### REQUIRED WORK
A verbatim transcription of the listing below is required, without its pictures.

──────── INFORMATION SUPPLIED

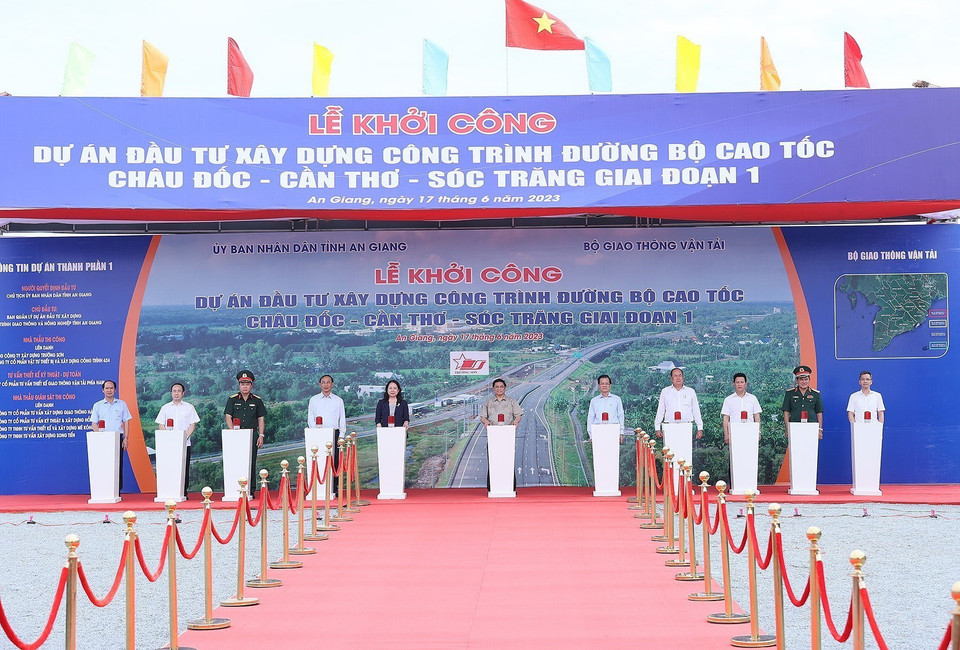 Thủ tướng Phạm Minh Chính và các đại biểu thực hiện nghi thức ấn nút khởi công tuyến Đường bộ Cao tốc Sóc Trăng-Cần Thơ-Châu Đốc giai đoạn 1. (Ảnh: Dương Giang/TTXVN)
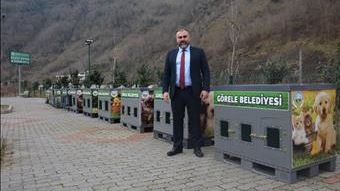 Hayvan Bakım Evine Yeni Köpek Kulübeleri yerleştirildi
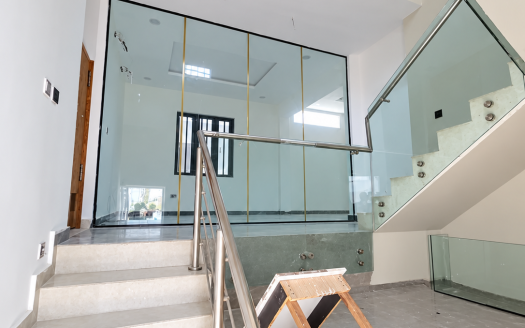 5-Bedroom Detached Duplex For Commercial Use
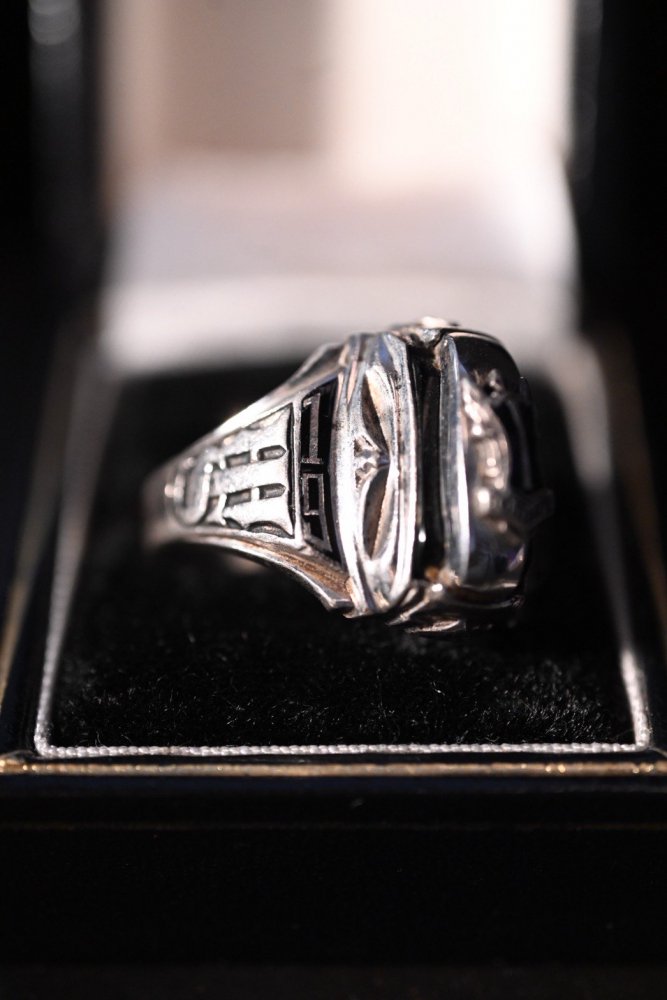 us 1976's silver college ring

────────────────

### OUTPUT FOR THIS EXERCISE
 Thủ tướng Phạm Minh Chính và các đại biểu thực hiện nghi thức ấn nút khởi công tuyến Đường bộ Cao tốc Sóc Trăng-Cần Thơ-Châu Đốc giai đoạn 1. (Ảnh: Dương Giang/TTXVN)
 Hayvan Bakım Evine Yeni Köpek Kulübeleri yerleştirildi
 5-Bedroom Detached Duplex For Commercial Use
 us 1976's silver college ring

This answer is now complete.